I’m connecting two Sparks with a 200GbE QSFP56 cable according to the playbooks. Connect Two Sparks works and I can see both ports are Up, but I’m having trouble with NCCL for Two Sparks.

After setting the environment variables and running the command below:
mpirun -np 2 -H 169.254.6.140:1,169.254.221.162:1 --mca plm_rsh_agent “ssh -o UserKnownHostsFile=/dev/null -o StrictHostKeyChecking=no” -x LD_LIBRARY_PATH=$LD_LIBRARY_PATH -x UCX_NET_DEVICES=enp1s0f0np0 -x NCCL_SOCKET_IFNAME=enp1s0f0np0 -x NCCL_IB_HCA=rocep1s0f0,roceP2p1s0f0 -x NCCL_IB_DISABLE=0 -x NCCL_DEBUG=INFO $HOME/nccl-tests/build/all_gather_perf -b 16G -e 16G -f 2

The best avg. bus bandwidth I get is 15.9, but I thought I should be getting 20+. So far I’ve tried
-applying higher/lower MTU in the netplan (setting both to 9000 instead of 1500 makes the bandwidth worse)

  • adding NCCL_IB_GID_INDEX=3 (which fails bc there are two indexes at most)
  • adding NCCL_IB_QPS_PER_CONNECTION=8

I also tested using ib_write_bw, same issue where the highest speed is 100Gbps.

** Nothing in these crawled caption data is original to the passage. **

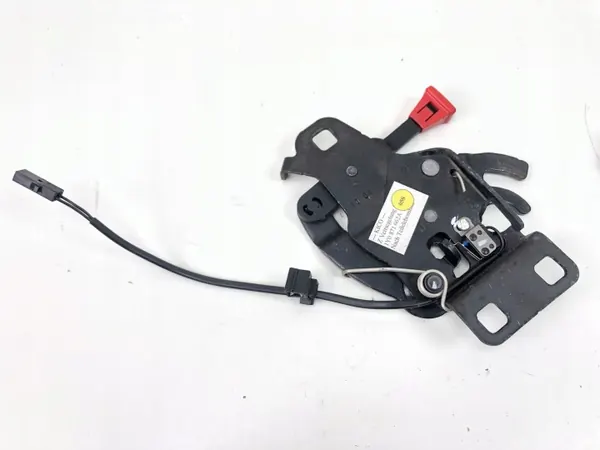Dakslot cabrio VW Kever OEM 1Y0871662A image 2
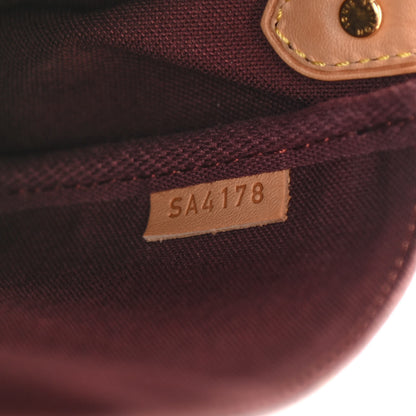 Louis Vuitton Monogram Favorite MM 7 of 11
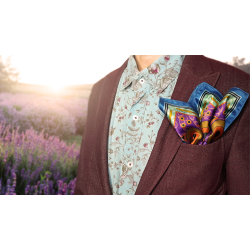 Pocket Devil Set (Kellar) 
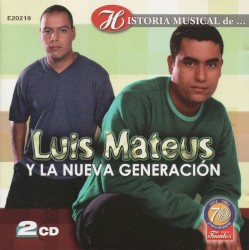 Historia musical de...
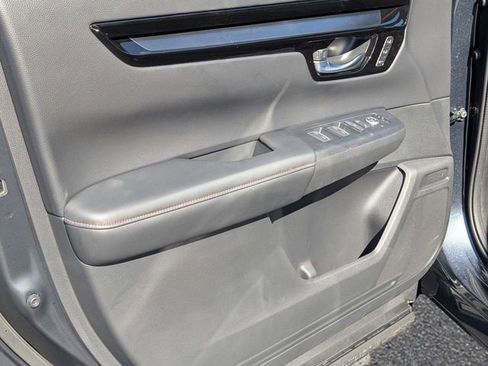 New 2026 Honda CR-V Sport Touring image 14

My ibdev2netdev seems fine:

ibdev2netdev
rocep1s0f0 port 1 ==> enp1s0f0np0 (Up)
rocep1s0f1 port 1 ==> enp1s0f1np1 (Down)
roceP2p1s0f0 port 1 ==> enP2p1s0f0np0 (Up)
roceP2p1s0f1 port 1 ==> enP2p1s0f1np1 (Down)

It’s like the other port to allow 200Gbps through one cable isn’t working properly or something. How could I fix this?

Thank you!

You only need one cable to have 200Gbps speed. Running the playbook with a second cable will limit your bandwidth to 100Gbps

Current firmware has a performance regression in ConnectX 7 workloads. We are all seeing a drop from ~24 GB/s to ~16 GB/s on NCCL tests. NVIDIA is aware and is working on a fix.

1 Like

Yup, I’m using just one cable.

I see, thanks so much! Would that apply for ib_write_bw as well though?

I believe so. I can test on my sparks later today.